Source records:
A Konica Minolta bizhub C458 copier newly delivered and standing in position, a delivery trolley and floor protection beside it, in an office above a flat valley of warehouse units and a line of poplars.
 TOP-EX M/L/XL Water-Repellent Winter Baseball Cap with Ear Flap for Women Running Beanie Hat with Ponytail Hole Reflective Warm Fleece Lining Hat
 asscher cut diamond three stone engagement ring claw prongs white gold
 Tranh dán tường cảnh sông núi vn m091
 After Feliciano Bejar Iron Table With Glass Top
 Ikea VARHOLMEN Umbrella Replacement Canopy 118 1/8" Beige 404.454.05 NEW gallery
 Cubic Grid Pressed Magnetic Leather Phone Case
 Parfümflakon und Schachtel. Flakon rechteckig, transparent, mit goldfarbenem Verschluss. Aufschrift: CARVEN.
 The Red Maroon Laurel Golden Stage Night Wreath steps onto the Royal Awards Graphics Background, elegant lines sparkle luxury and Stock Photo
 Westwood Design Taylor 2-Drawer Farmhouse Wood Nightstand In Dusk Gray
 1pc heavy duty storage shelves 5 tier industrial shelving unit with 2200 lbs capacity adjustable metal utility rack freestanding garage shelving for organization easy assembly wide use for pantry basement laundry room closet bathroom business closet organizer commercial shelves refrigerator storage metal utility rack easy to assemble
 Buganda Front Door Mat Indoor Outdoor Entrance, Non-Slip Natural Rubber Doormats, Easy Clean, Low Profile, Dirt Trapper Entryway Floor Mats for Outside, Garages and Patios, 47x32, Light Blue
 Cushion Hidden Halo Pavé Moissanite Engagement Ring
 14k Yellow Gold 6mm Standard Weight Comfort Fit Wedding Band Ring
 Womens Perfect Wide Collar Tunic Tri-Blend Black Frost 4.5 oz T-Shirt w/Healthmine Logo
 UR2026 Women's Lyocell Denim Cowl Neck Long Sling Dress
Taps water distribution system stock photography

*About this exercise*
All that is wanted is the stretch of lines above from the one containing "Ikea VARHOLMEN Umbrella" through the one containing "Buganda Front Door", duplicated exactly.

*Answer for the task*
 Ikea VARHOLMEN Umbrella Replacement Canopy 118 1/8" Beige 404.454.05 NEW gallery
 Cubic Grid Pressed Magnetic Leather Phone Case
 Parfümflakon und Schachtel. Flakon rechteckig, transparent, mit goldfarbenem Verschluss. Aufschrift: CARVEN.
 The Red Maroon Laurel Golden Stage Night Wreath steps onto the Royal Awards Graphics Background, elegant lines sparkle luxury and Stock Photo
 Westwood Design Taylor 2-Drawer Farmhouse Wood Nightstand In Dusk Gray
 1pc heavy duty storage shelves 5 tier industrial shelving unit with 2200 lbs capacity adjustable metal utility rack freestanding garage shelving for organization easy assembly wide use for pantry basement laundry room closet bathroom business closet organizer commercial shelves refrigerator storage metal utility rack easy to assemble
 Buganda Front Door Mat Indoor Outdoor Entrance, Non-Slip Natural Rubber Doormats, Easy Clean, Low Profile, Dirt Trapper Entryway Floor Mats for Outside, Garages and Patios, 47x32, Light Blue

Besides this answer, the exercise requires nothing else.